Exercise directions: Copy exactly the lines of the records below, and only those lines, beginning with the line that contains "1997 Mazda MX-6 2nd Gen - Image 8 of 31" and ending with the line that contains "Giacca in maglia 100% cotone - Image 2".
[Entries supplied — start]
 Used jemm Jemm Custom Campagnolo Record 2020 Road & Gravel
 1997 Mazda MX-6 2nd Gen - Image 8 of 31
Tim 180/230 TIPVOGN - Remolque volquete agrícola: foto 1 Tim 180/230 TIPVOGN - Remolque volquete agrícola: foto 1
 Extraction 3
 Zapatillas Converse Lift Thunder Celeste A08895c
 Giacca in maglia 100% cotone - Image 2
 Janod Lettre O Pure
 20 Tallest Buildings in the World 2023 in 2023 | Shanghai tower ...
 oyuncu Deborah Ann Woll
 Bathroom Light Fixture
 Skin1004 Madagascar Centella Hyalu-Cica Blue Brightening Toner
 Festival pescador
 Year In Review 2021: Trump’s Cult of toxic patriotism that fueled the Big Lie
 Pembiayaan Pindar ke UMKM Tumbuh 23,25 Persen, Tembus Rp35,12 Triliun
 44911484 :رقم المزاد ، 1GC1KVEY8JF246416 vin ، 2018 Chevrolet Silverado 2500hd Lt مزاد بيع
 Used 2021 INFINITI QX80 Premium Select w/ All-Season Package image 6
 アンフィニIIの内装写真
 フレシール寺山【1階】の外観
[Entries supplied — finish]
Response area:
 1997 Mazda MX-6 2nd Gen - Image 8 of 31
Tim 180/230 TIPVOGN - Remolque volquete agrícola: foto 1 Tim 180/230 TIPVOGN - Remolque volquete agrícola: foto 1
 Extraction 3
 Zapatillas Converse Lift Thunder Celeste A08895c
 Giacca in maglia 100% cotone - Image 2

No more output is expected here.